*** Given records

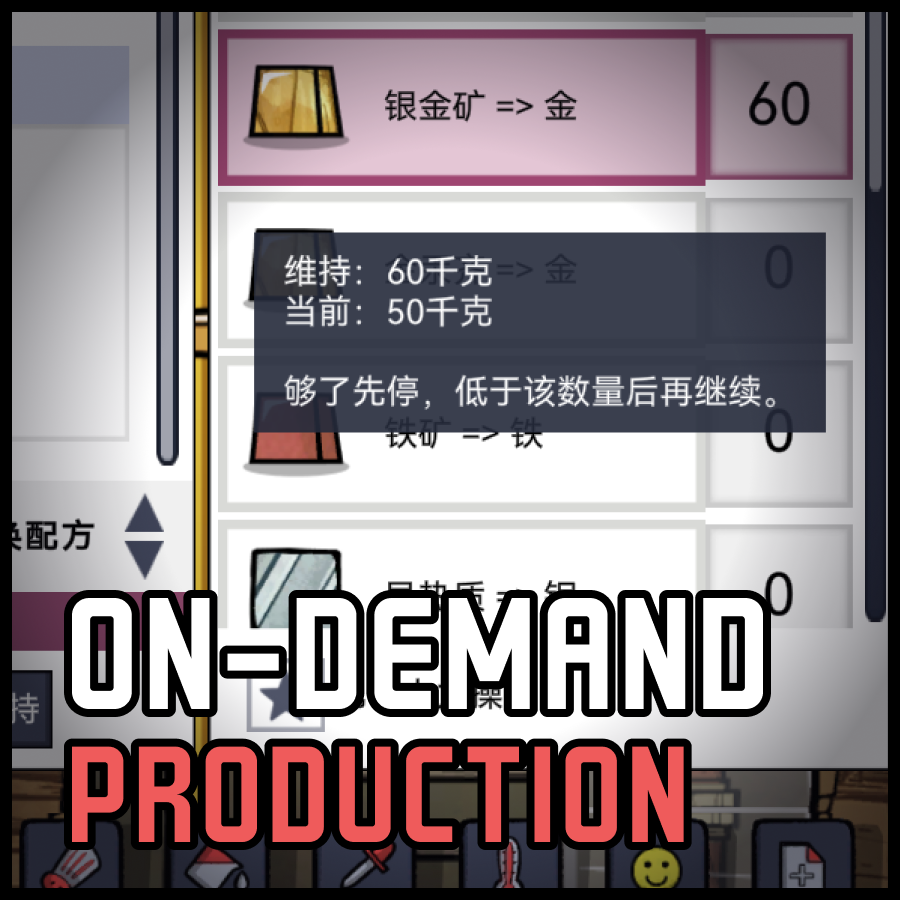 On-Demand Production preview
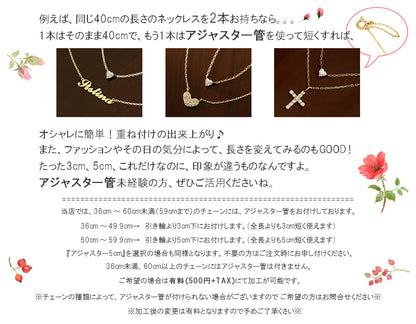 【Natural】K18  バタフライ ダイヤモンド パヴェネックレス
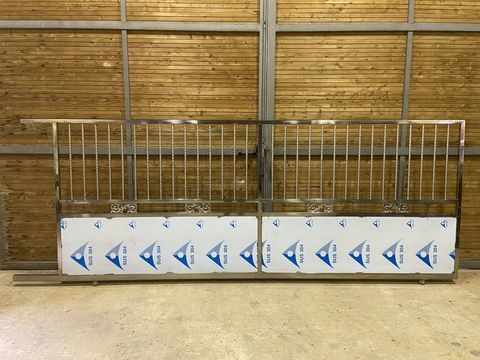 Portail inox 2000 33210 Preignac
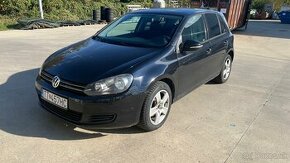 volkswagen golf 6 2l TDi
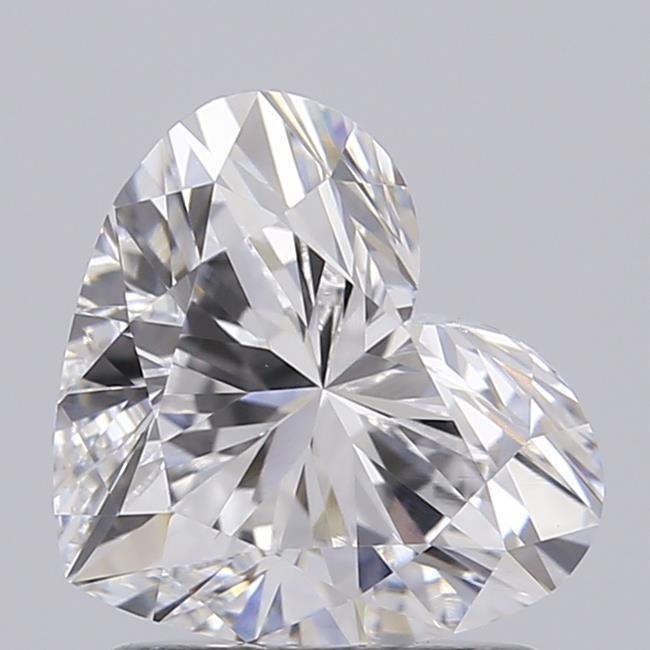 1.29 Carat Heart Lab Diamond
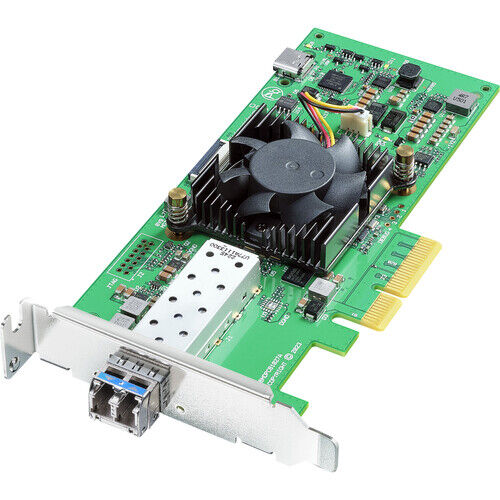 Blackmagic Design DeckLink IP HD Optical image 1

******

Where an entry holds a picture, leave the picture out and output the rest exactly.

 On-Demand Production preview
 【Natural】K18  バタフライ ダイヤモンド パヴェネックレス
 Portail inox 2000 33210 Preignac
 volkswagen golf 6 2l TDi
 1.29 Carat Heart Lab Diamond
 Blackmagic Design DeckLink IP HD Optical image 1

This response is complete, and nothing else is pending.